I started writing a short history for each of the Top 100 films on the American Film Institutes list, and then I realized that the AFI list is problematic for a few different reasons. It only represents the opinions of film critics, it stays within the boundaries of Hollywood and American born films, and it tends to pander towards the classics with films that were extremely important but don’t necessarily represent the opinions of those that watch them, the movie going public. So, I present the exact same project with the Top 100 movies from The Internet Movie Database’s Top 250 list. The IMDB list is a much greater tool, and one I’ve used in the past because it’s dynamic. Over the course of the years it has changed substantially adding new films, removing old films and generally reflecting the opinions of those that watch the films.

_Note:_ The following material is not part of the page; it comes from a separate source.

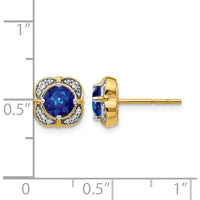 14K Yellow Gold Round Sapphire and Diamond Fancy Earrings - 1.0 Carats Total Gem Weight by Monteluci Fine Jewelry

Number two on that dynamic and eponymous list is a film that doesn’t even peek its way into some other Top 100 lists. Clearly a fan favorite though, The Shawshank Redemption has found endless support in the world of DVD sales and television airing. Starring Morgan Freeman and Tim Robbins, The Shawshank Redemption is the story of Andy Dufresne, falsely imprisoned for the murder of his wife and her lover for two consecutive life terms. Morgan Freeman plays the part of Red, who also narrates as Andy goes from quiet unassuming banker to beaten, abused bottom rung of the prison ladder to the warden’s personal accountant and purveyor of the newly minted prison library. The film spans the course of 20 years, and in that time Andy finds himself a substantial place in the prison hierarchy and garners powers through his intelligence that no prisoner should be allowed.
When Andy’s savior enters the prison with the proof he needs to clear his name, tensions reach a boiling point and the Warden acts excessively forcing Andy into action. Following is one of the most entertaining and satisfying conclusions in recent cinema. The film’s run time, at nearly 2 and a half hours is well worth the wait just for those final 10 minutes.
The film was written and directed by Frank Darabondt, after his purchase of the rights to Stephen King’s novella, Rita Hayworth and Shawshank Redemption. He takes liberties with the material and makes a great deal of changes, but the core ideas and themes remain intact albeit the voice severely changed from King’s to something decidedly more subdued.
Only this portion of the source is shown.